Has Larry Summers Changed His Regulatory Spots?


I mentioned a couple of weeks ago that my main objection to Larry Summers as chairman of the Fed was his record on financial regulation. Today, Cass Sunstein uses his Bloomberg column to tell me I have nothing to worry about:

I worked with Summers in the Obama administration, and I can report that in internal discussions, he was one of the most uncompromising advocates for financial regulation. Of course, he supports the free-market system and wants to avoid unnecessary regulatory burdens. But time and again, he insisted that the events of 2008 required everyone, including him, to re-evaluate their views about regulating the financial industry. He contended that banks can’t police themselves any more than polluters can be trusted to protect the environment or pharmaceutical companies can be trusted to ensure that drugs are safe.

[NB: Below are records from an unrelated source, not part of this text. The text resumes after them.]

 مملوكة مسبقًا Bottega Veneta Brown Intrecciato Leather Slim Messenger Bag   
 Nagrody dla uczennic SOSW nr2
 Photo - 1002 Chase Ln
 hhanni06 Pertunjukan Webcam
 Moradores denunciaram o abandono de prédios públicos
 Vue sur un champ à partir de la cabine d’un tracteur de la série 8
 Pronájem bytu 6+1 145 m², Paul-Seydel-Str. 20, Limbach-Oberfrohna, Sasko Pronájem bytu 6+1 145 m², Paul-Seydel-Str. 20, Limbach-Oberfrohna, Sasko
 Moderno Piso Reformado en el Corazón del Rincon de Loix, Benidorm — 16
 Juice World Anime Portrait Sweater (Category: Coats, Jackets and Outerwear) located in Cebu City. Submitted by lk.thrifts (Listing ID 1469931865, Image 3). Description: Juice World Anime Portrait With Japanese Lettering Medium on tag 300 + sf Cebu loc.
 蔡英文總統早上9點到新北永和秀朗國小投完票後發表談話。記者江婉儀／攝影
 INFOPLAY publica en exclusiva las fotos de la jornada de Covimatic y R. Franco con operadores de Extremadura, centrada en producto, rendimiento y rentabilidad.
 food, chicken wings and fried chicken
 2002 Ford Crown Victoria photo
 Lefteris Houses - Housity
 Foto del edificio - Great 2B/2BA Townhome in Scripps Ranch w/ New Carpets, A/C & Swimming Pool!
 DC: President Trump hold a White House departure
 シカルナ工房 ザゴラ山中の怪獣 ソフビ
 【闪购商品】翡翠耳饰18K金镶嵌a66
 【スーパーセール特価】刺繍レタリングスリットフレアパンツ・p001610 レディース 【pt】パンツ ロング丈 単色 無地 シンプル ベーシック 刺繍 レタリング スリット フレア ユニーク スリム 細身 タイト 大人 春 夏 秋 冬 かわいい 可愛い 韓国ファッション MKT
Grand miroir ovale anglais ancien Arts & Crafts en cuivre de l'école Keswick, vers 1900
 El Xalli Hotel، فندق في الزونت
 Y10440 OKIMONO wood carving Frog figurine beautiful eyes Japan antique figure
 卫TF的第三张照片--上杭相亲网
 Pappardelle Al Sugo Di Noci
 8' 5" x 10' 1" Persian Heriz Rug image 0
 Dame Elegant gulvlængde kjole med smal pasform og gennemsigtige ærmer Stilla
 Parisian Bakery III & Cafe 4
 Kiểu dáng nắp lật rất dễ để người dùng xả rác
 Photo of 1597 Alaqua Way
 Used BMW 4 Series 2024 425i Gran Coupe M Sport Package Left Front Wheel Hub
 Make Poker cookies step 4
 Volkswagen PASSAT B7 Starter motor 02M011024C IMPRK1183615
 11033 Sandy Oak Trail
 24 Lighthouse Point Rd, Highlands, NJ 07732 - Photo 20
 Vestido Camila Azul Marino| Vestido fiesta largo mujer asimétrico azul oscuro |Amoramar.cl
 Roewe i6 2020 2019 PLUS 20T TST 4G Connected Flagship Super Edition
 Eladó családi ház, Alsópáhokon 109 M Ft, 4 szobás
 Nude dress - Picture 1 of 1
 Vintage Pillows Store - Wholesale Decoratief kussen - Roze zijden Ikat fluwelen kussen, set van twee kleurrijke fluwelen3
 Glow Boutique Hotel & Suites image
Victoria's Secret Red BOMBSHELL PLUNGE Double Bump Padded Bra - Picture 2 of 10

Building on these analogies, Summers vigorously argued on behalf of a consumer financial protection agency, and he supported strong safeguards designed to reduce the risk of another economic meltdown. Intensely focused on the problem of “too big to fail,” he was one of the earliest and most forceful advocates of promoting financial stability by requiring banks to have enough capital to withstand an economic downturn.

All of this might be true. Perhaps Summers really has changed his tune after living through the 2008 financial crisis. I’m not a White House insider, so there’s no way for me to know.

But I will say this: over the past decade I’ve become far, far more skeptical of reports based on private knowledge. It seems like there are always plenty of people around to tell us what the great and the good are “really” thinking based on conversations at Davos or Jackson Hole or the West Wing of the White House. Sometimes they’re right. But more often, if you want to know what someone really thinks, the best guide by far is their past actions and statements. There’s seldom any good reason to make things more complicated than that.

Now, it so happens that Janet Yellen, the other main candidate for the position, doesn’t have much of a track record on financial regulation. So it’s not as if this is a black-and-white competition. Nonetheless, I’d be very cautious about thinking that someone with long experience and well-considered views is likely to become a born-again regulator. With the immediate crisis out of the way, Summers’ regulatory temperament is probably about the same as it’s always been.

That said, and despite the remarkable amount of heat this appointment has generated, I can’t say that I have super strong feelings about the whole thing. I think Yellen has more relevant experience and a better track record of being right on the big questions, while Summers has well-known social problems and a dubious track record on financial regulation. That makes Yellen a better choice. But honestly, they aren’t very far apart on the big issues, and it’s unlikely that either one is head and shoulders above the other. If Obama nominates Summers, it would be just another case of him choosing someone I thought was second best. A minor disappointment, but that’s about it.